■ Exercise objective ■
All of the entries need to be printed again exactly; pictures are the only thing to omit.
══ Extracted data ══
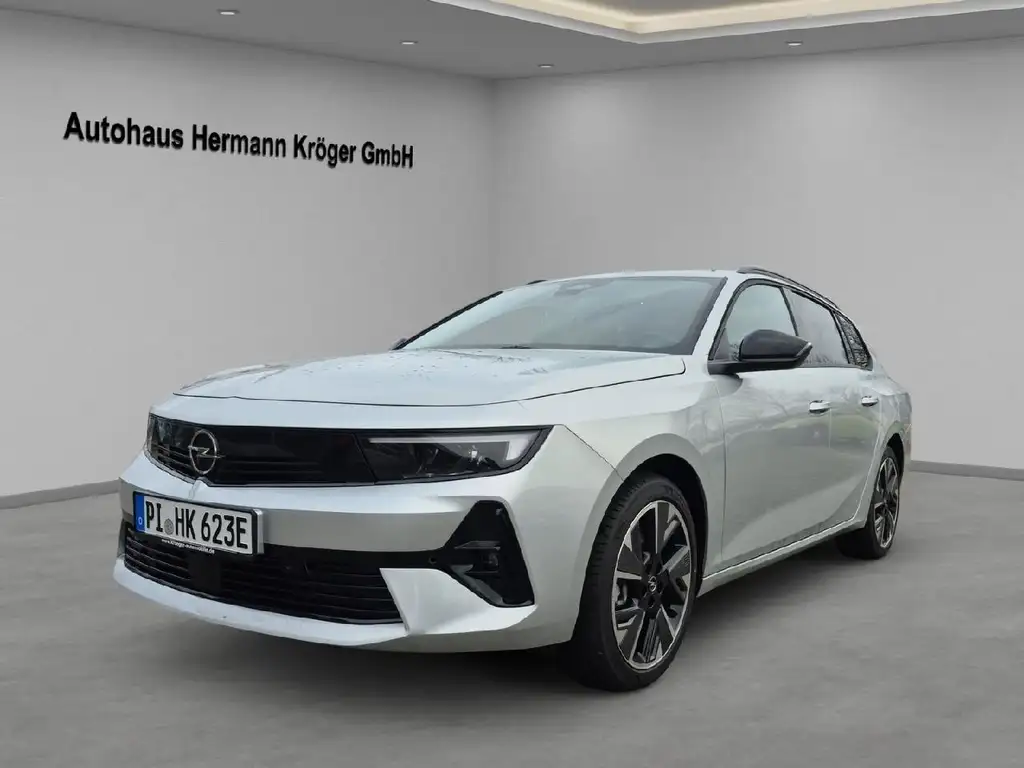 Opel Astra-e Electric Basis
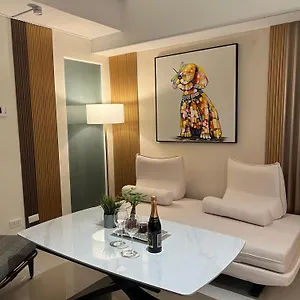  Apartment Luxurious European Style Penthouse Modern Ment Cross Of Dreams Okada Solaire Moa Airport
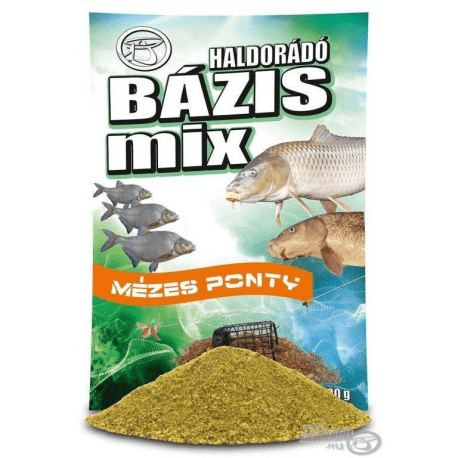 Engodo Haldorado Basic Mix Miel 2,5kg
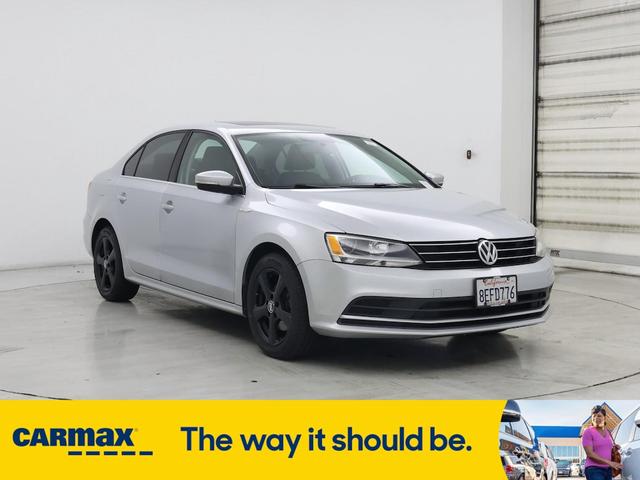 2015 Volkswagen Jetta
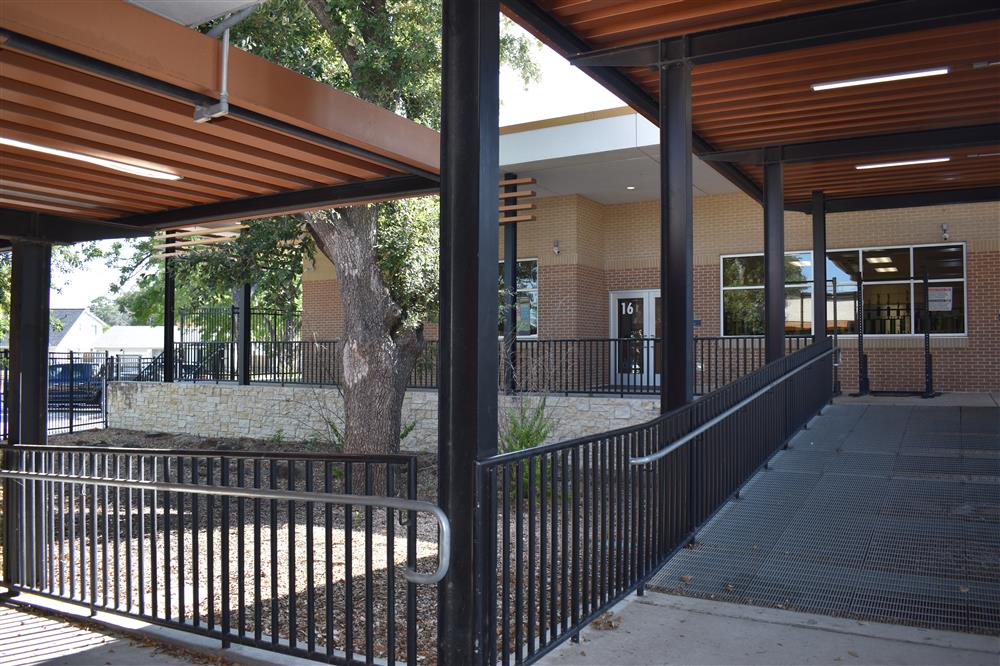 JROTC Building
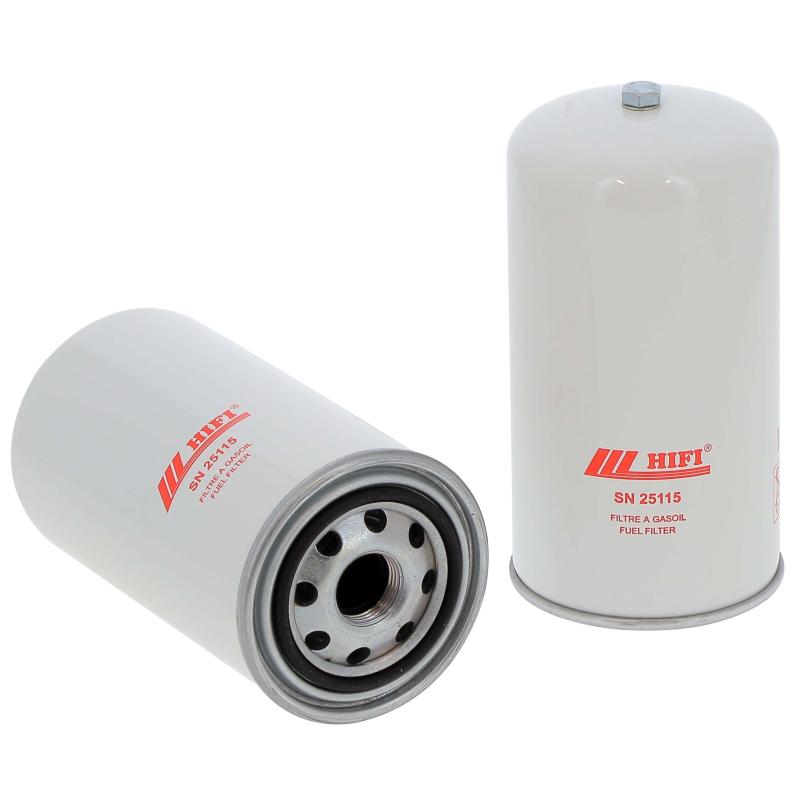  Hifi Fuel Filter SN 25115 – OEM Filter Part – Roladex UK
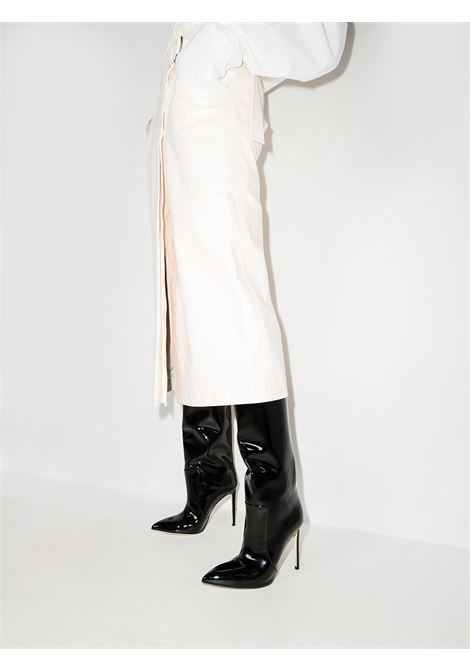 stiletto boot woman black PARIS TEXAS | PX501XVN01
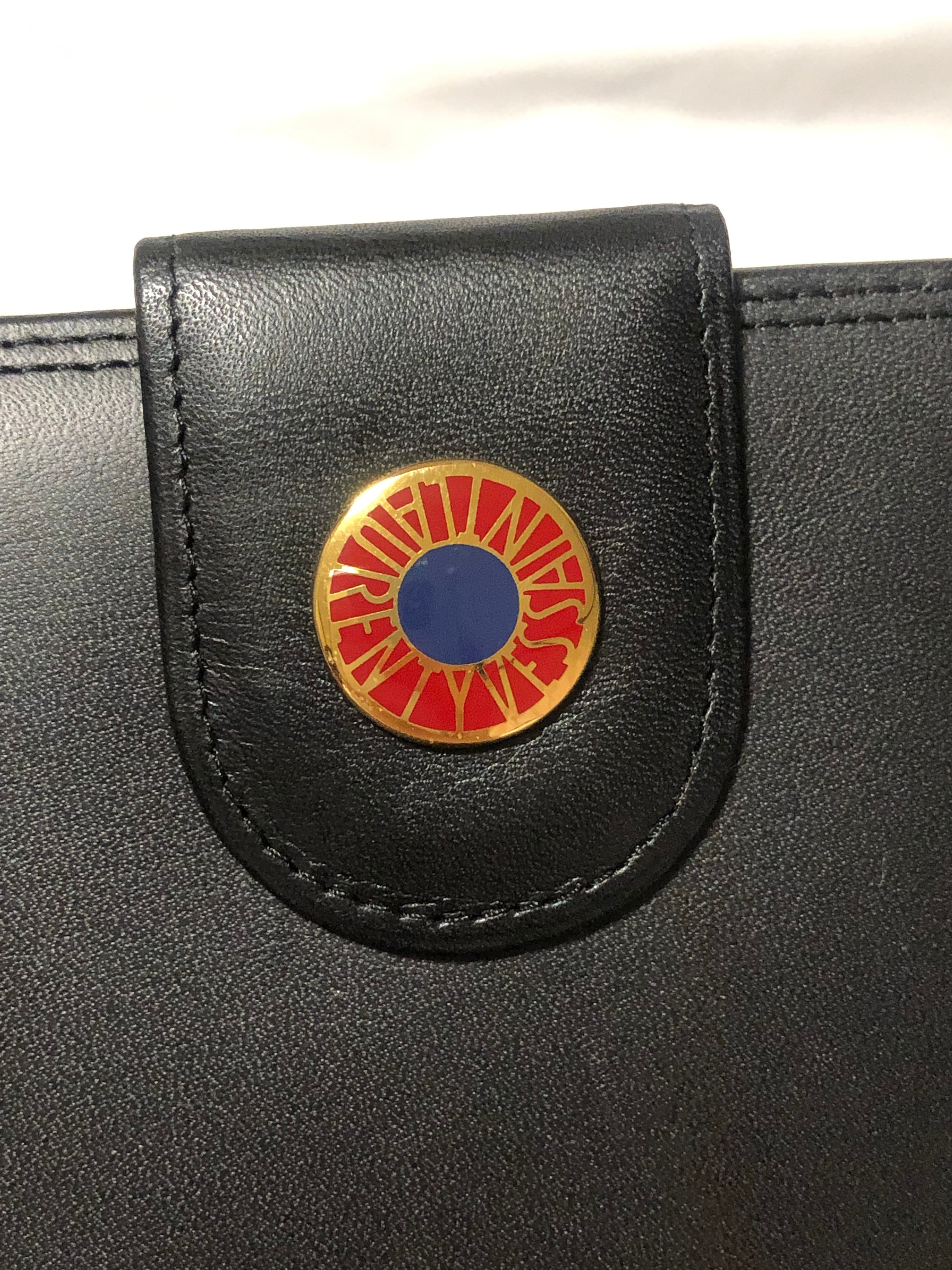 未使用⭐︎イヴサンローラン がま口財布 | étoile vintage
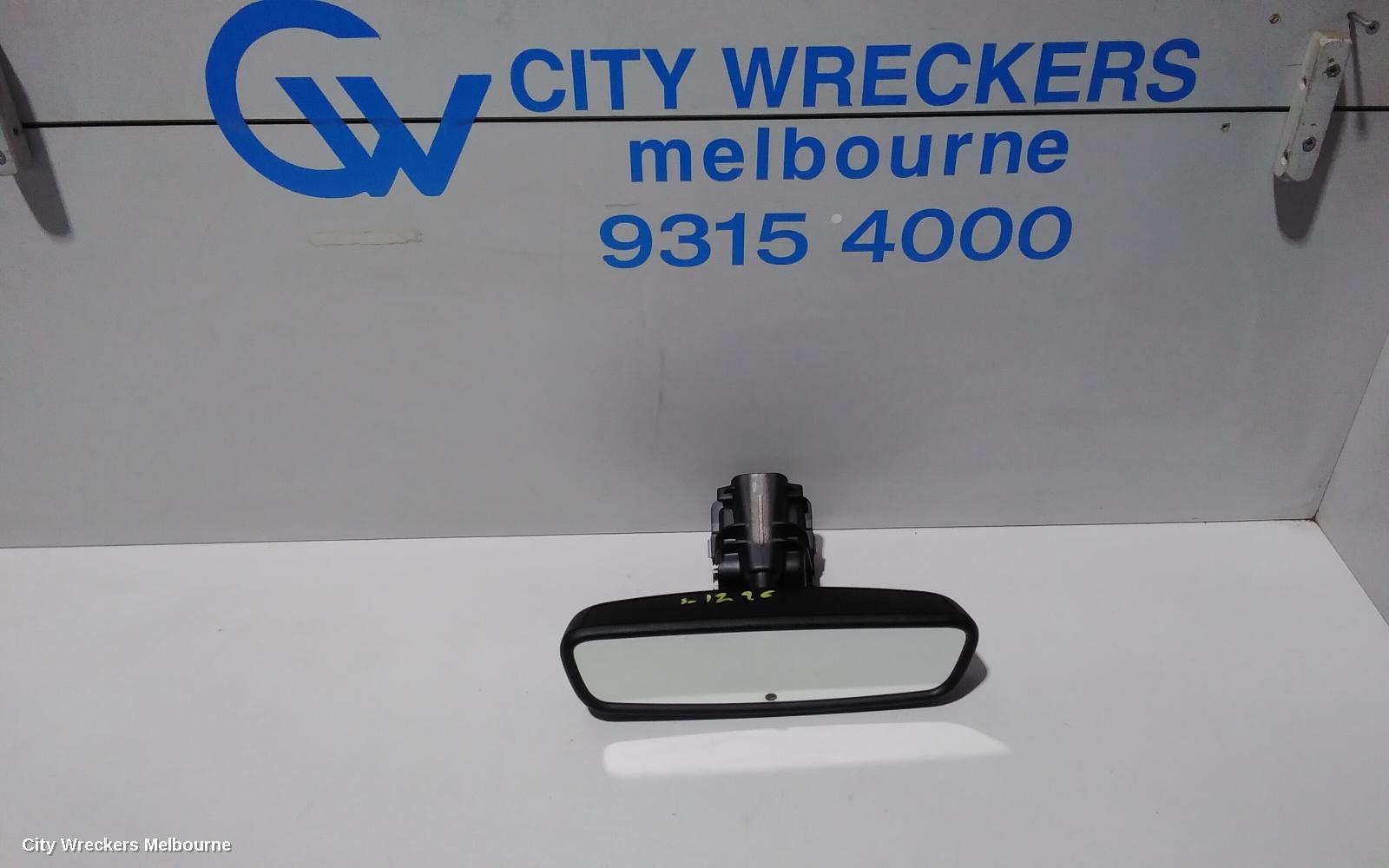 LAND ROVER DISCOVERY SPORT INTERIOR MIRROR, L550, 01/2015 ONWARDS - Image 1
═══
■ Exercise response ■
 Opel Astra-e Electric Basis
  Apartment Luxurious European Style Penthouse Modern Ment Cross Of Dreams Okada Solaire Moa Airport
 Engodo Haldorado Basic Mix Miel 2,5kg
 2015 Volkswagen Jetta
 JROTC Building
  Hifi Fuel Filter SN 25115 – OEM Filter Part – Roladex UK
 stiletto boot woman black PARIS TEXAS | PX501XVN01
 未使用⭐︎イヴサンローラン がま口財布 | étoile vintage
 LAND ROVER DISCOVERY SPORT INTERIOR MIRROR, L550, 01/2015 ONWARDS - Image 1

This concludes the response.